The US Capitol in the afternoon before lawmakers vote to pass a US$900 billion coronavirus relief bill on December 21, 2020 in Washington, DC. After months of impasse, negotiations came down to the wire as 12 million people are set to lose unemployment benefits the day after Christmas.
US lawmakers on Monday approved a US$900 billion relief package for the world's biggest economy that will provide a long-sought boost for millions of Americans and businesses battered by the coronavirus pandemic.
Overwhelming approval in the Senate and House of Representatives clears the way for the legislation to be sent to President Donald Trump to be signed into law.
"The American people can rest assured that more help is on the way, immediately," Republican Senate Leader Mitch McConnell said on Twitter.
As the COVID-19 death count rises amid a massive resurgence of the virus that further threatens the economy, Republican and Democratic legislators finally hammered out a bill after months of wrangling and partisan finger-pointing.

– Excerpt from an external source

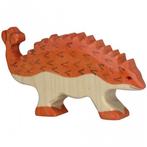 Holztiger - Houten Dieren - Dinosaurus Ankylosaurus - 12 cm, Nieuw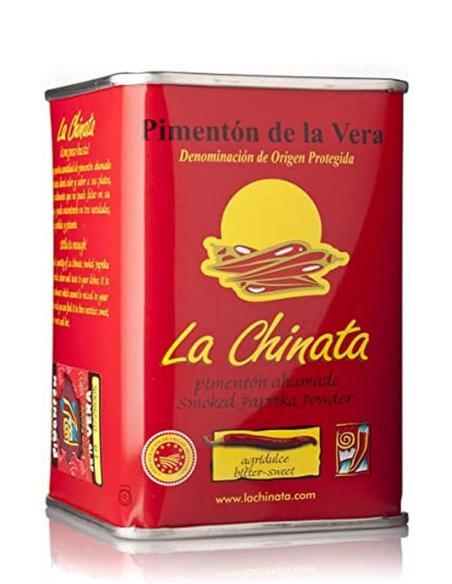 La Chinata Paprika fumé aigre-doux Boîte 160 gr. - Oliva Oliva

The deal will spare millions of jobless workers who were days away from seeing their unemployment benefits expire, and provide a new round of cash payouts.
Small businesses will benefit from more government grants, while the package also includes rental assistance and help to families facing eviction.
"It's a good bipartisan deal," Democratic House Speaker Nancy Pelosi said. "We will do some good with this legislation."
But "as President-elect Joe Biden has said, it's a first step, and we will need to do more. More to get virus assistance to crush the virus. More money to buy vaccines," she said on the House floor.
The US is facing the world's largest coronavirus outbreak, and the virus has surged in recent months, threatening a tentative economic recovery. The death toll has topped 319,000.
Recent data show retail sales slowed heading into the usually-strong holiday shopping season, while new applications for unemployment benefits have risen for four of the past five weeks after months of declines.
The massive package is part of a US$2.3 trillion "coronabus" bill that includes a so-called omnibus bill to fund the government for the coming year.
The measure will include a new round of pandemic relief payments, and US Treasury Secretary Steven Mnuchin said the US$600 checks will go out as early as next week.
That amounts to "US$2,400 for a family of four, so much needed relief just in time for the holidays," Mnuchin said Monday on CNBC.
While the direct payments are only half the amount provided by the US$2.2 trillion CARES Act that Congress approved in March, Mnuchin said it is a "very fast way of getting money into the economy."
The US$600 payments go to Americans earning less than US$75,000 a year, and will be reduced for higher incomes, while those who bring home US$99,000 or more will not get a check.
The largest provision is the US$275 billion in Paycheck Protection Program (PPP) aid for businesses, which are government loans that convert to grants if spent on wages and rent.
The agreement also contains US$25 billion in rental assistance and extends an eviction moratorium for one month.
Biden, who will be sworn in on January 20, has welcomed the agreement but said Sunday that much more will be needed to provide "support to struggling families, and investments in jobs and economic recovery."
After months of talk, the deal seemed endangered in the final days by a dispute over a Republican-backed provision to limit the ability of the Federal Reserve to provide more emergency lending.
But Democrats were able to block that move by Republican Senator Patrick Toomey, although they were not able to insert billions of dollars in aid to state and local governments on the front line of responding to the virus impact.